UM INVERNO NO INFERNO
Há alguns meses fui num almoço armênio, num hotel chicoso, para encontrar a família e agradar minha avó. Lá havia uma linda menininha de uns doze anos, feições indianas, que fazia origamis e me desafiava com quebra-cabeças. Ela tinha uma caixa que se desmontava, o desafio era montá-la novamente, coisa que ela fazia em dois tempos. Eu, que nunca fui muito coordenado, tentei escapar da brincadeira, mas ela tanto insistiu que acabei pegando a caixa...
E só agora caiu a ficha. A caixa. Configuração de lamentos, para quem leu "The Hellbound Heart" ou assistiu "Hellraiser". Claro, é por isso que minha vida anda tão trevosa. Mexi na caixa e chamei os cenobitas, fui para o inferno, subsolo, que a mídia moderninha chama de udigrudi, ou underground...
Haha. Estava conversando sobre isso outro dia, com uma amiga. Nós sentados num bar da Augusta, no meio das putas, Christiane F passando, minha cabeça no formol, questionando o sentido do "underground". Ora, ora, para mim parece apenas o andar térreo, caminho de casa, estação Trianon-Masp, ou o que me resta como consolação. Não que eu seja muito transgressor, afinal, quem não é? Será que existe um andar abaixo? Será que o underground tomou conta de toda classe-média ou eu que mexi na caixa e não consigo mais olhar para cima? De qualquer forma, ainda existe a Vila Olímpia, os bailes countries, coelhinhos correndo na relva. Há outros caminhos...
Ou talvez o underground esteja sob os pés de todo mundo, mas só alguns abaixam a cabeça. "Estamos todos nas estrelas, mas alguns olham para as sarjetas", diriam os neo-wildeanos.
Eu fiz uma longa viagem para chegar até aqui. Não nasci em berço de ouro, para depois ser jogado na privada. Nem fui criado às margens desta poluída cidade. Tive uma infância e adolescência ordinárias, como a maioria da minha espécie, e talvez tenha até demorado um pouco para seguir meu próprio caminho, mas não demais. Afinal, os caminhos abertos a nós sempre foram abertos por outros, não são nossos, real ou exclusivamente. Assim, enquanto minha juventude ainda fluía intensa pelas correntezas, deixei que ela me levasse e eu seguisse o seu chamado. Poderia lamentar ter desaguado num esgoto, mas, como todos os jovens, sempre quis provar o gosto dos subterrâneos.
Esse é o primeiro parágrafo de "Mastigando Humanos", uma grande sátira ao underground.
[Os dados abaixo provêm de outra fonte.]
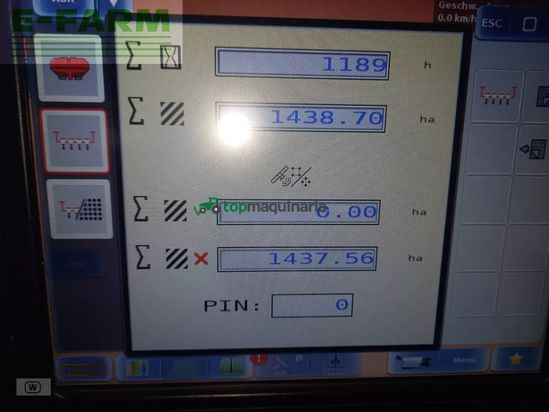 Sembradora monograno mecanica - Kverneland - optima e-drive v sx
Para começar, todos os personagens tem nomes de estações de metrô... E pronto. Este foi o teaser de hoje.
Voltando ao subsolo – sem Dostoiewski – tive de devolver a lâmpada de radiação UVA/UVB para o Araki. Os dias andam muito nublados e eles precisa dela mais do que eu. Mas agora não sei como vou terminar de ler Fante. Ele é um escritor meigo, não é? E me faz acreditar que a realidade não é tão Hellraiser assim. Aliás, lendo "Pergunte ao Pó", me faz pensar que a realidade hoje em dia é mais Matrix. Quero dizer, você vê o jovem escritor Arturo Bandini sofrendo com a falta de grana, a senhoria cobrando o aluguel, as cartas de pagamento que não chegam, e percebe que hoje em dia é tudo dominado pelas máquinas. Eu não tenho de passar pelo constrangimento de pedir dinheiro emprestado, de não pagar as contas em dias, é tudo feito eletronicamente. O banco Itaú vai me dando crédito, aumentando os juros e eu vou me enforcando sozinho, sem ninguém para me repreender. Eu engano o caixa-eletrônico, pago contas além do meu saldo e fica tudo no campo virtual. Ninguém bate na minha porta com a mão estendida. Ninguém reclama que eu não paguei. Vez ou outra chega um email anunciando um dinheiro que entra... Oh, a pós-modernidade...
Bem que podiam aproveitar tudo isso e fazer o filme "NEO VS PINHEAD", não seria legal? Oh, a carne de Keanu perfurada por ganchos...
Então, estamos falando do underground, estações de metrô, e da sarjeta. Estação Consolação e Uma Estação no Inferno. Estação Inverno. Notas do Subsolo. E do Pó. Ahhhhhh... sinapses assassinas...
* O título do post foi chupado de uma música do Multiplex, que por sua vez chupou do Rimbaud. Aqui embaixo, todo mundo se chupa.